Its a mix of about 25 things!

Temperament of baby
Supportive partner
Supportive family
How prepared/realistic you were
Your own temperament
Money (ime everything is easier when you have the choice to pay to make some issues go away)
A bit of luck (eg having a doctor or hv who spots reflux, a friend who helps you bf)

I do think there's an element, i wouldnt say "how selfish you are" but more whether you were at a stage in life etc to be ready for the sacrifices parenting involves. For some people they grieve their pre-baby lifestyle, figure etc more than perhaps others do.

SouthLondonMum22 · 09/07/2023 20:03

I think a major factor I largely find it easier than some is that I don't have a shit husband. He does his fair share so not everything is left to me be it changing nappies or doing the laundry.

The other one is that my baby is an excellent sleeper.

uhtredsonofuhtred1 · 09/07/2023 20:03

I've got 4 children. The first 2 were lovely babies. Slept amazingly from birth, only cried when they wanted something, teething was no problem at all, healthy, had lots of weekend help from my parents. Money was tight but never an issue. Husband was ok (!!) I mean he wasn't abusive or horrible, just left it up to me a lot. So I coped excellently, I was happy, relaxed, made lots of new mum friends, had such a great few years.

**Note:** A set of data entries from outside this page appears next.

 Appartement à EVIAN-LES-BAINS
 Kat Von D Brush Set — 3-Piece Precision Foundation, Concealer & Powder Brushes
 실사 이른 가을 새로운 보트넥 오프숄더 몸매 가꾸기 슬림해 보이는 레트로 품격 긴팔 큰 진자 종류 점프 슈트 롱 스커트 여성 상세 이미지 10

3rd child - oh my god!! She's since been diagnosed autistic which might explain a lot. She screamed literally all day most days. If someone else made eye contact with her she would scream as though she was hurt. No one else at all could hold her or feed her. She needed to be constantly rocked and stood up with. From 2 days old until about 7 months old she was such a difficult baby. It genuinely near drove me to breaking point. My mum died and my dad moved away. I had a horrible abusive partner. I think this all fed into the already awful time I was having to be honest.

MargaretThursday · 09/07/2023 20:05

Temperament of the baby, but also temperament of the mum/dad too.

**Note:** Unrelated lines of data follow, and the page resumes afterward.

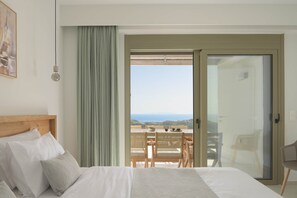 3 bedrooms, free WiFi, bed sheets - Aitherion – Villa with Pool & Upper Suite, Plakias (Τοπική Κοινότητα Ασωμάτου)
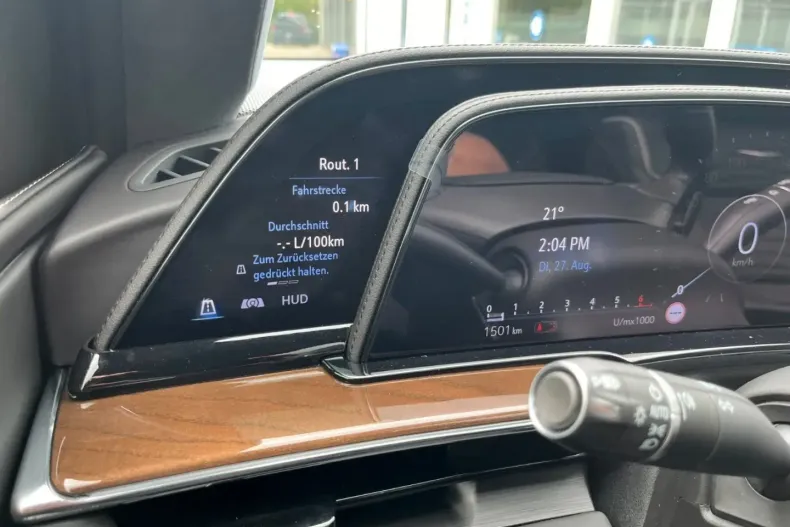 Cadillac Escalade din 2024 cu 11.500 km - oferta CAD174051 - foto 24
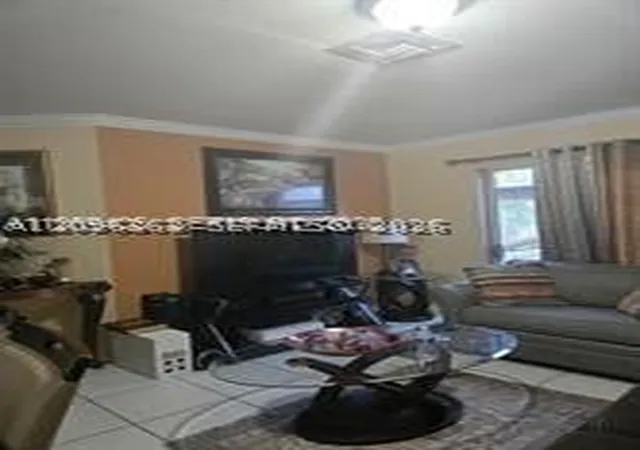 Photo 3 of Townhouse for sale at 4925 W Lakes Dr, Deerfield Beach, FL 33442 | MLS# A12096363 | Listing updated on 2026-09-27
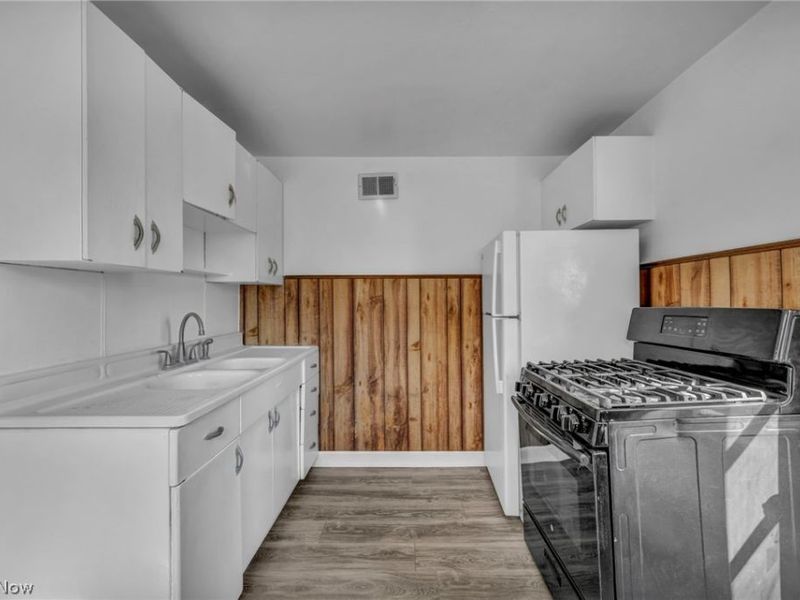 275 E 200th Street , Euclid, OH 44119 Photo 12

My #1 came out knowing how to sleep and eat, which made both nights and breastfeeding really easy.
#2 didn't know either, but I was far more relaxed about it than if she'd been my #1 because I knew I couldn't do anything about it.

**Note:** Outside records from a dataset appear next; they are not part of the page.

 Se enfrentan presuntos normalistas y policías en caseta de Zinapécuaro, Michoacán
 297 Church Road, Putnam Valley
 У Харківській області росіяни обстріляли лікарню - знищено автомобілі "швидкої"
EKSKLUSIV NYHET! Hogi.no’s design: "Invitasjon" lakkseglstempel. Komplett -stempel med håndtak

I also love the baby stage, which helps.

technotstarnotechstar · 09/07/2023 20:06

I think it's a combination of baby temperament and adult personality. I have noticed that those I know who struggled most were the ones who had not really had to deal with anything challenging in their life yet.If your life has always been easy, having to keep going when things are hard is more of a shock to the system. I also noticed more married people struggle than single people, perhaps there is an element of choice too. If you have always had lots of support, you know you can step back and not cope and that others will take over and give you a break. Those who are solo by choice have to keep going so they just do.

SoGiveMeCoffeeAndTV · 09/07/2023 20:06

Anecdotally, I find my friends who find parenting easy have huge amounts of support. My friend who loves being a mum has her mum on hand pretty much all the time, has a nanny and a really supportive husband.

I find parenting hard. I have 3 under 5 and I am done in. My family live far away, my husband works away a lot. Most of the time it’s just me and the kids. I love them but I’ve lost who I am. I wish I could enjoy being a parent but I don’t have it in me.